Information>

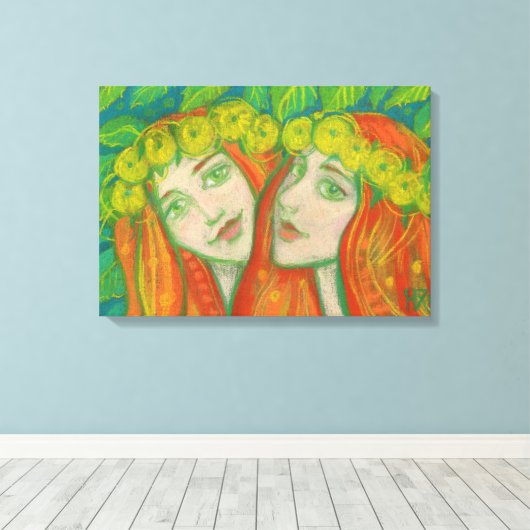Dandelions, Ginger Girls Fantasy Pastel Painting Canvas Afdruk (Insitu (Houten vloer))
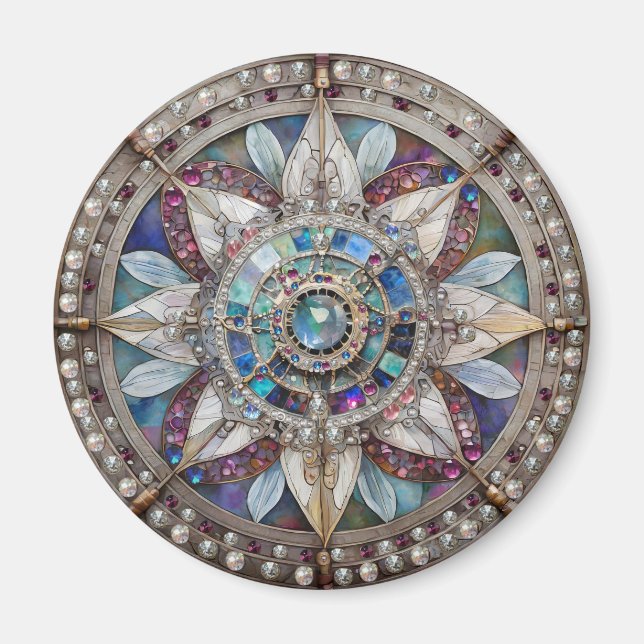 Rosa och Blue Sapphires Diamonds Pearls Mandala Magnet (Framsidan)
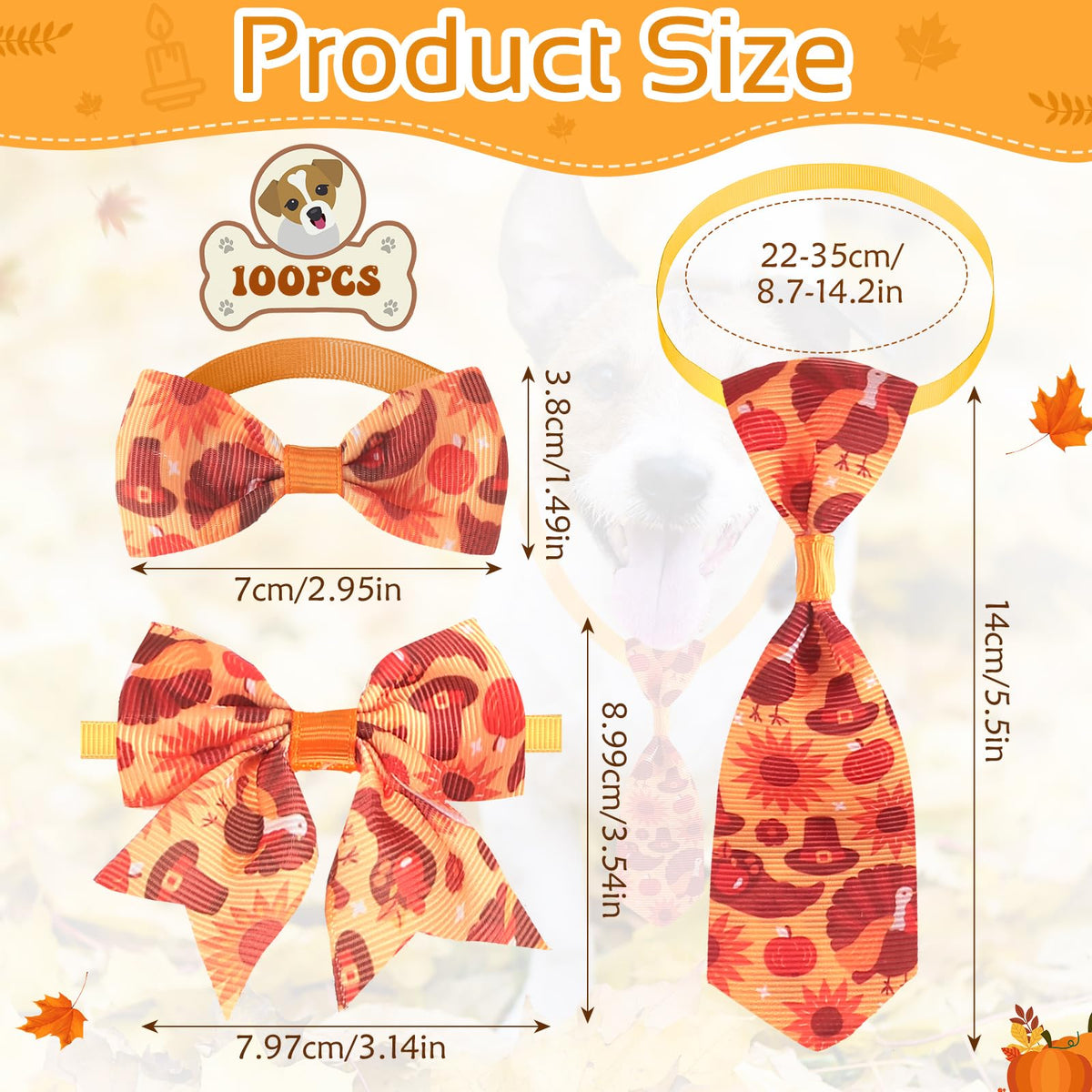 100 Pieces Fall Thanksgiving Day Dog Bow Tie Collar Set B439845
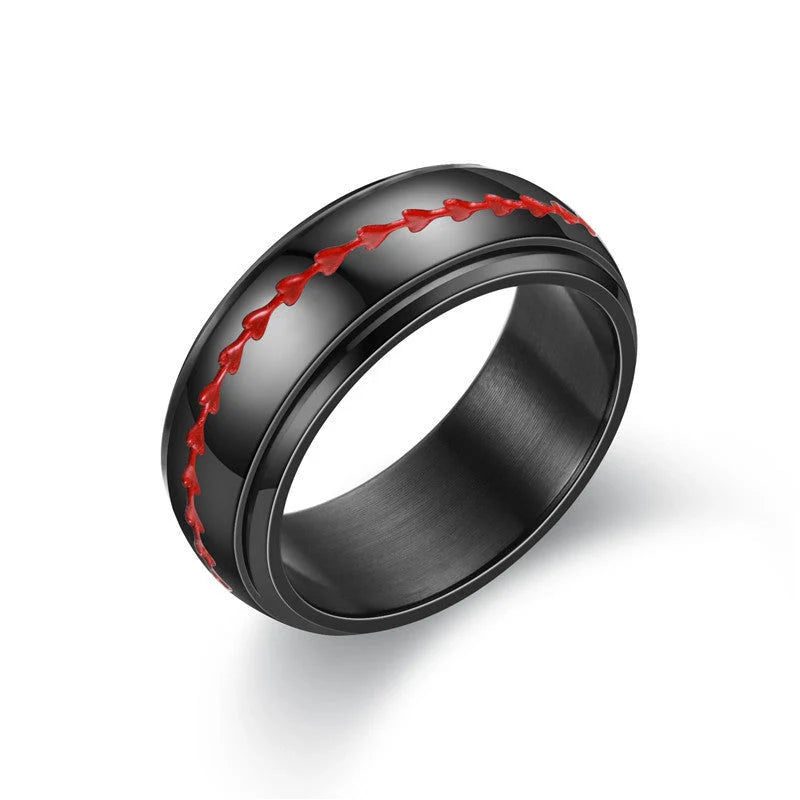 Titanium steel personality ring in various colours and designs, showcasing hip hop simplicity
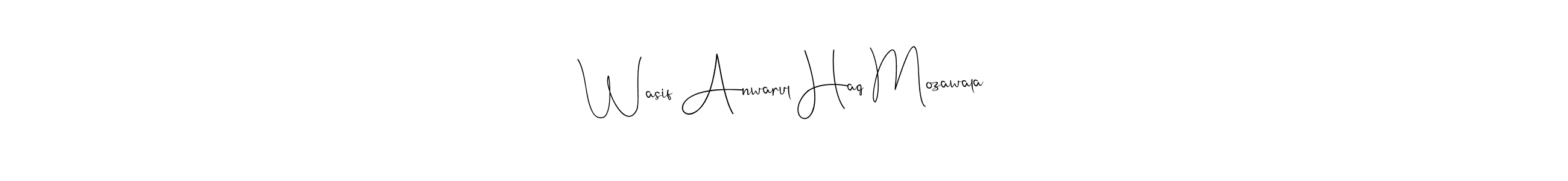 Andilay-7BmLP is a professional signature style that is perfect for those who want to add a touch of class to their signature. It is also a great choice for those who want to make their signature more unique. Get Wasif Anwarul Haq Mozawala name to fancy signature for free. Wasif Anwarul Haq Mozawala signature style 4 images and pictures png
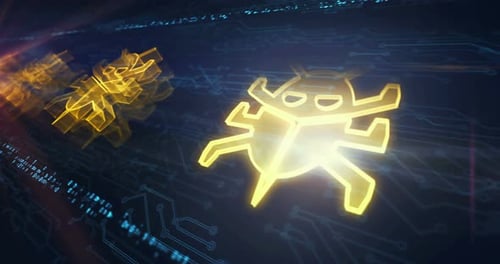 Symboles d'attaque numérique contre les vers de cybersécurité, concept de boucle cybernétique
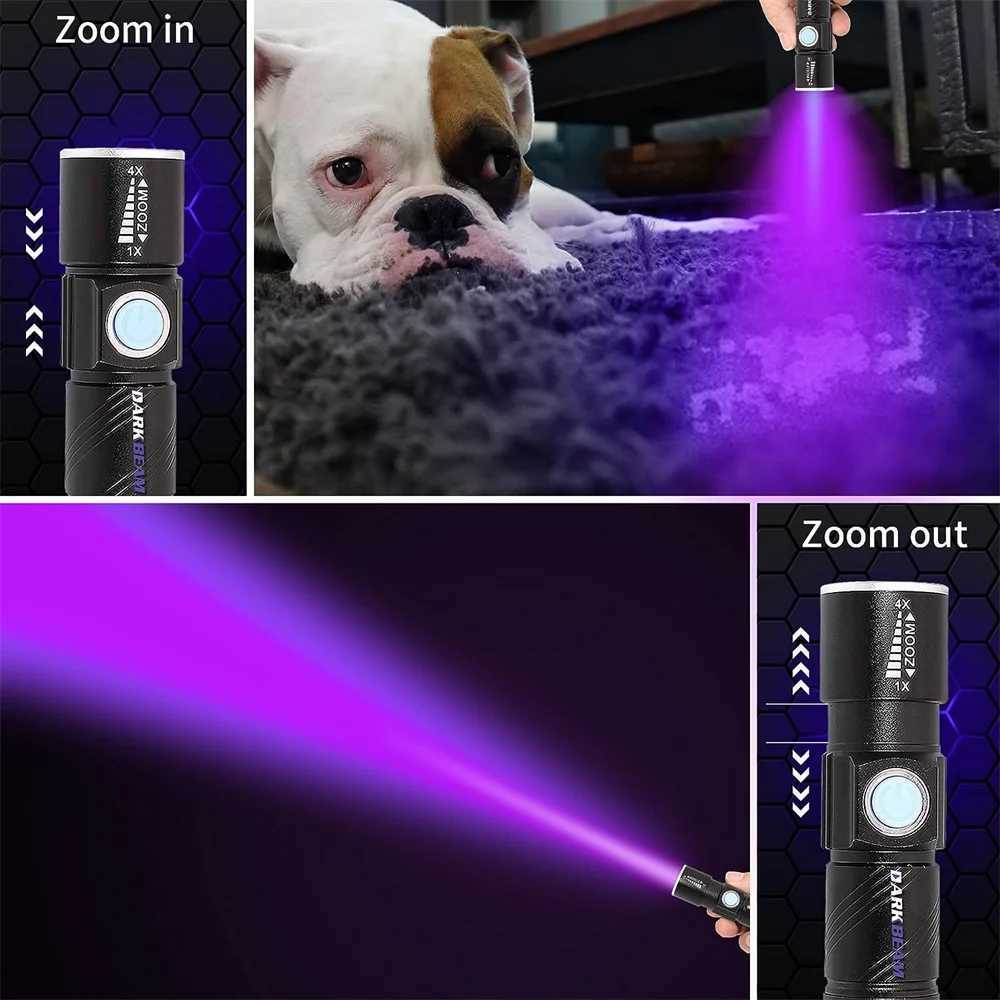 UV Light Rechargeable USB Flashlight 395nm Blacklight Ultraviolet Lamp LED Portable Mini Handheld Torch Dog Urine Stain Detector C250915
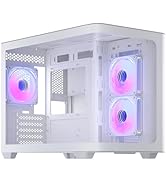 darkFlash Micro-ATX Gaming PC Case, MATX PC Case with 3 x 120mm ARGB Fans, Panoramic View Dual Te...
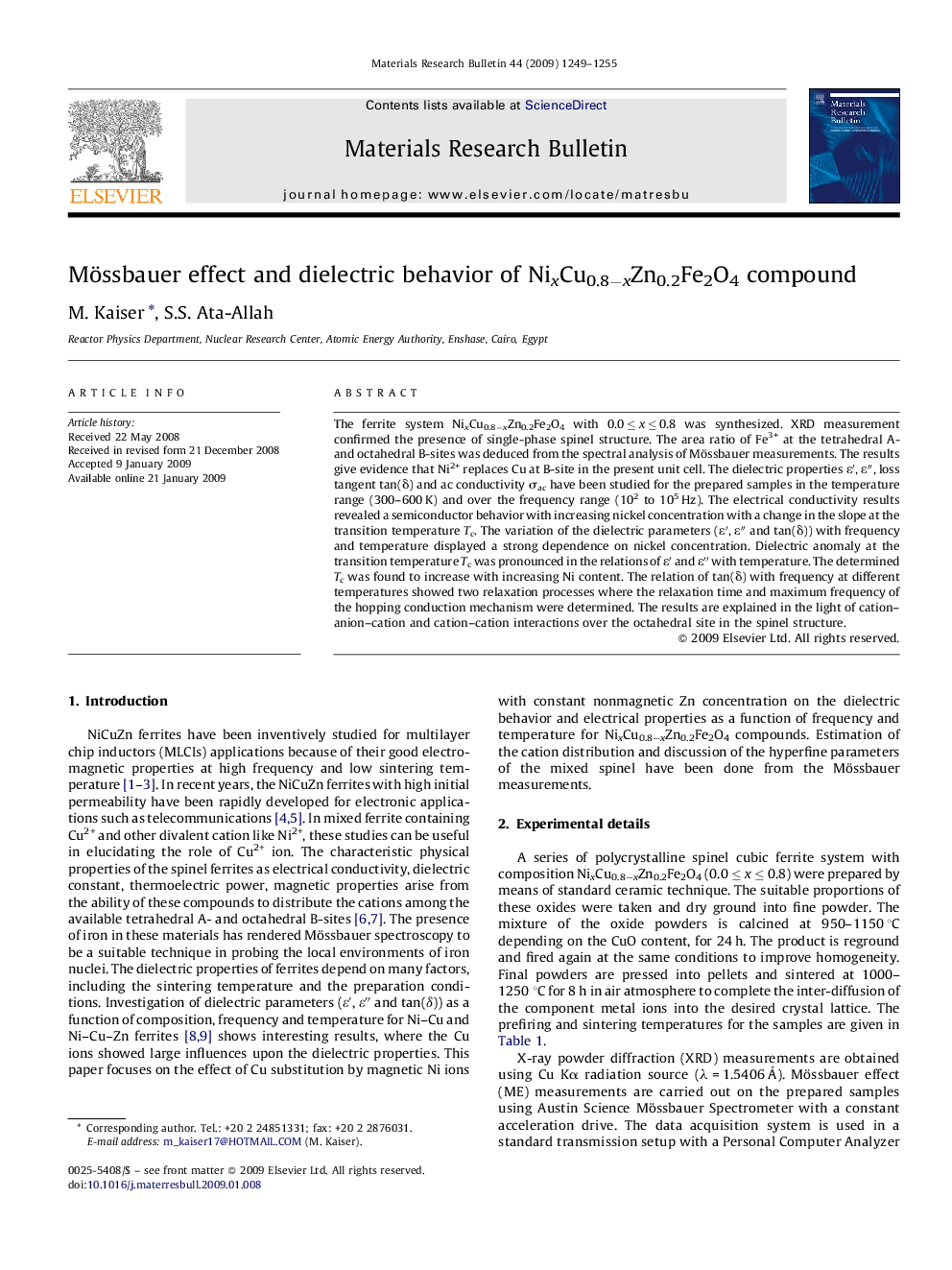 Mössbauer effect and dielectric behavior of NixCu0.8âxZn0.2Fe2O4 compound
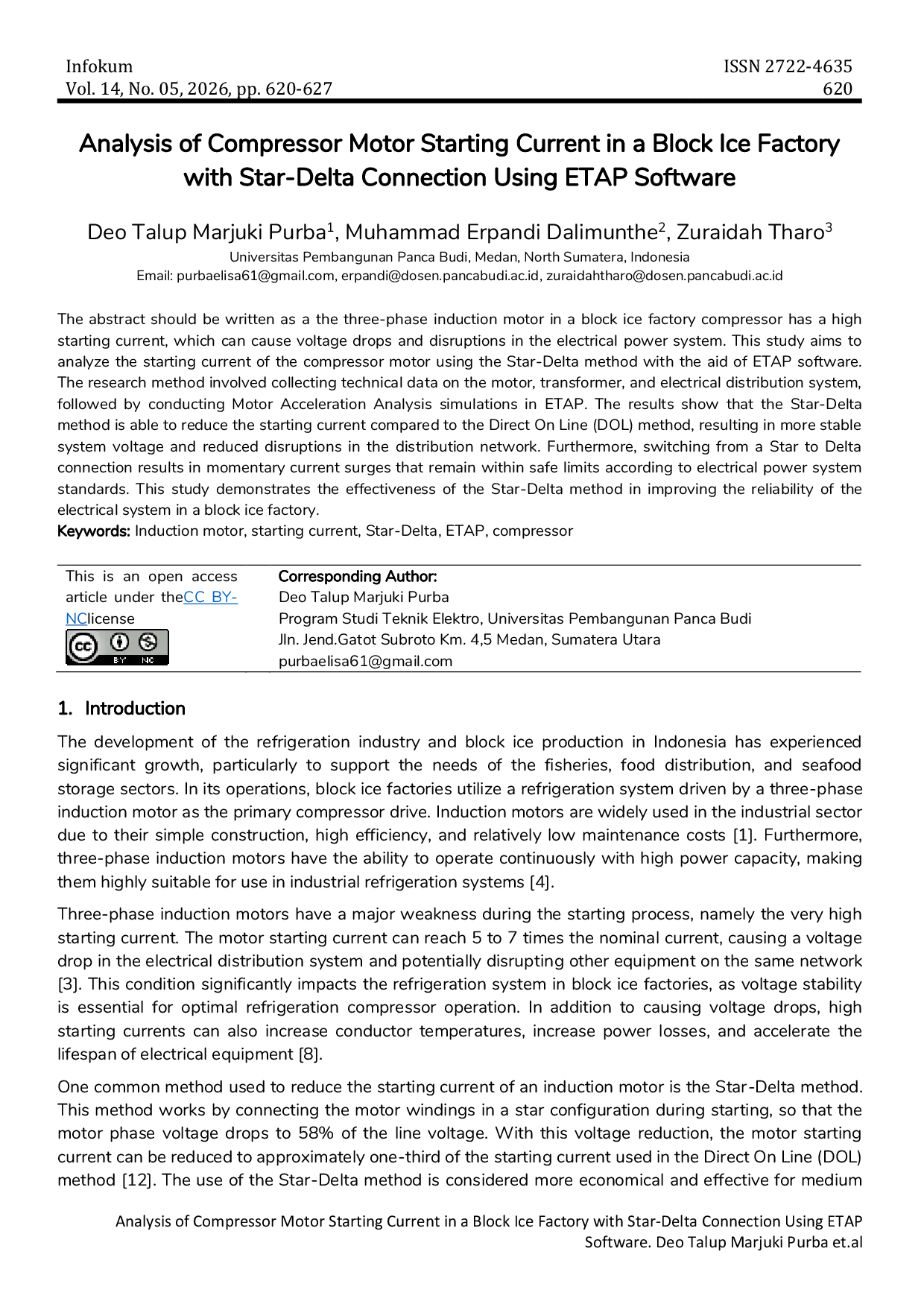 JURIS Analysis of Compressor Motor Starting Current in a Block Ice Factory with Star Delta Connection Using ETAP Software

What is required>
Reproduce each entry verbatim, excluding any embedded images.

Completed task>
Dandelions, Ginger Girls Fantasy Pastel Painting Canvas Afdruk (Insitu (Houten vloer))
 Rosa och Blue Sapphires Diamonds Pearls Mandala Magnet (Framsidan)
 100 Pieces Fall Thanksgiving Day Dog Bow Tie Collar Set B439845
 Titanium steel personality ring in various colours and designs, showcasing hip hop simplicity
 Andilay-7BmLP is a professional signature style that is perfect for those who want to add a touch of class to their signature. It is also a great choice for those who want to make their signature more unique. Get Wasif Anwarul Haq Mozawala name to fancy signature for free. Wasif Anwarul Haq Mozawala signature style 4 images and pictures png
 Symboles d'attaque numérique contre les vers de cybersécurité, concept de boucle cybernétique
 UV Light Rechargeable USB Flashlight 395nm Blacklight Ultraviolet Lamp LED Portable Mini Handheld Torch Dog Urine Stain Detector C250915
 darkFlash Micro-ATX Gaming PC Case, MATX PC Case with 3 x 120mm ARGB Fans, Panoramic View Dual Te...
 Mössbauer effect and dielectric behavior of NixCu0.8âxZn0.2Fe2O4 compound
 JURIS Analysis of Compressor Motor Starting Current in a Block Ice Factory with Star Delta Connection Using ETAP Software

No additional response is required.